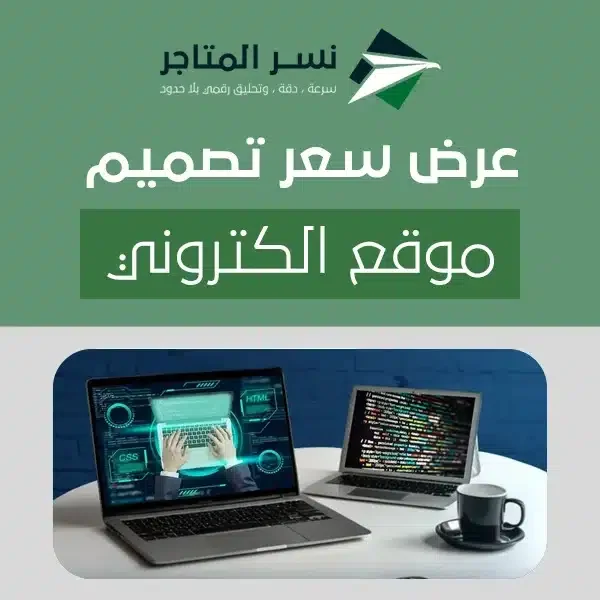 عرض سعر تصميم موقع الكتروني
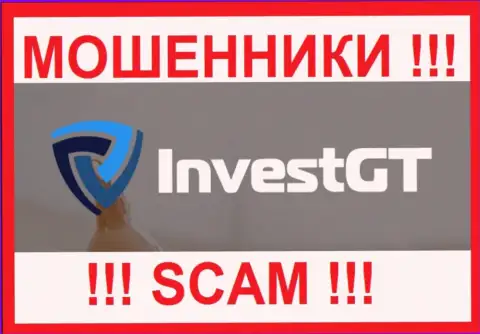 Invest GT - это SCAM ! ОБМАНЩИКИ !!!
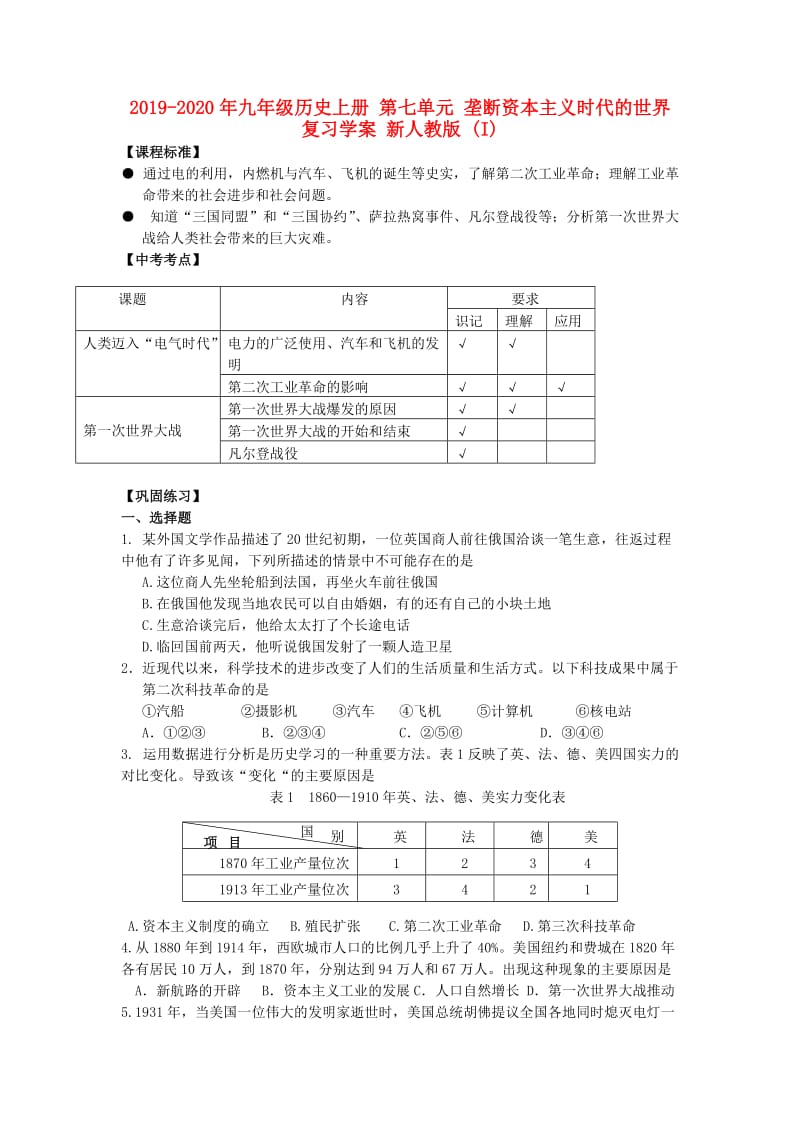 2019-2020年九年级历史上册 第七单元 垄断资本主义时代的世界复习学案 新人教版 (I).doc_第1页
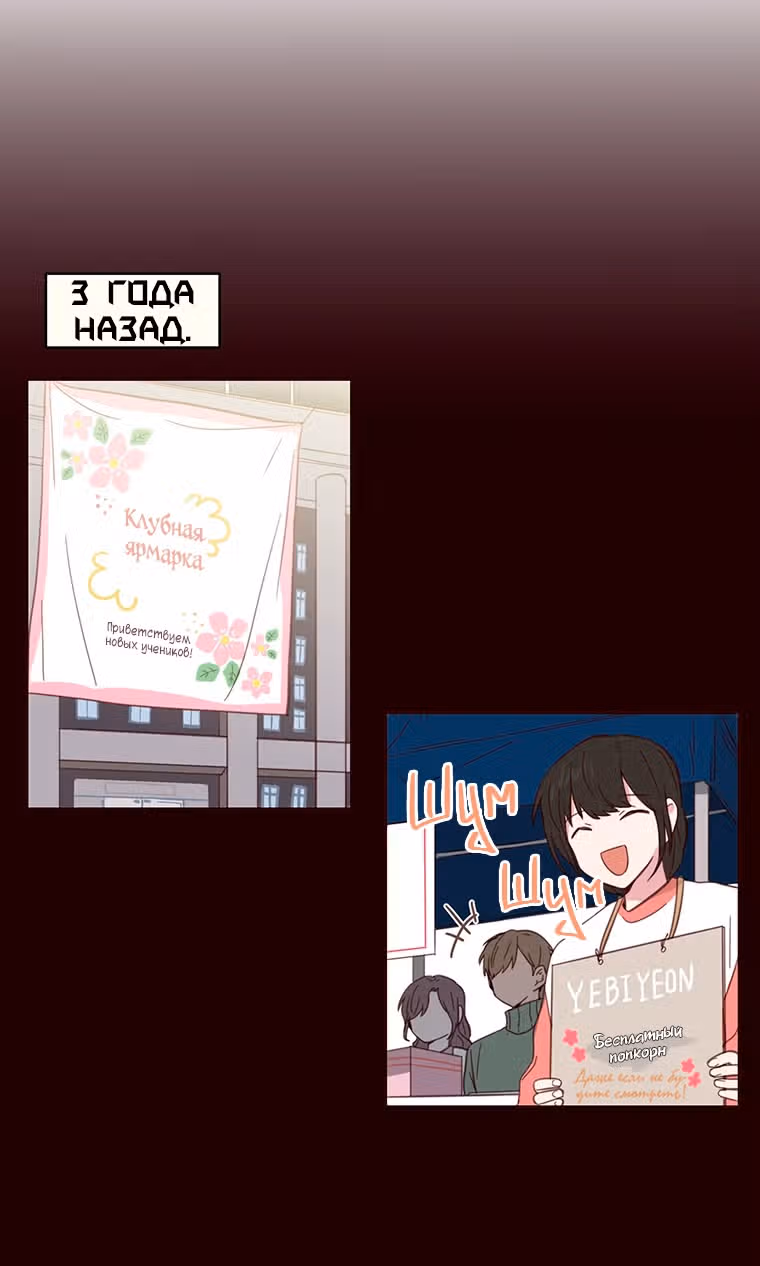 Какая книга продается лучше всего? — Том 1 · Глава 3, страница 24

== ABOUT THIS EXERCISE ==
Return nothing except the lines from the one containing "2019-2020年九年级历史上册 第七单元 垄断资本主义时代的世界复习学案" through the final line of the data, copied exactly. Leave out all pictures.

== RESPONSE BOX ==
 2019-2020年九年级历史上册 第七单元 垄断资本主义时代的世界复习学案 新人教版 (I).doc_第1页
 Какая книга продается лучше всего? — Том 1 · Глава 3, страница 24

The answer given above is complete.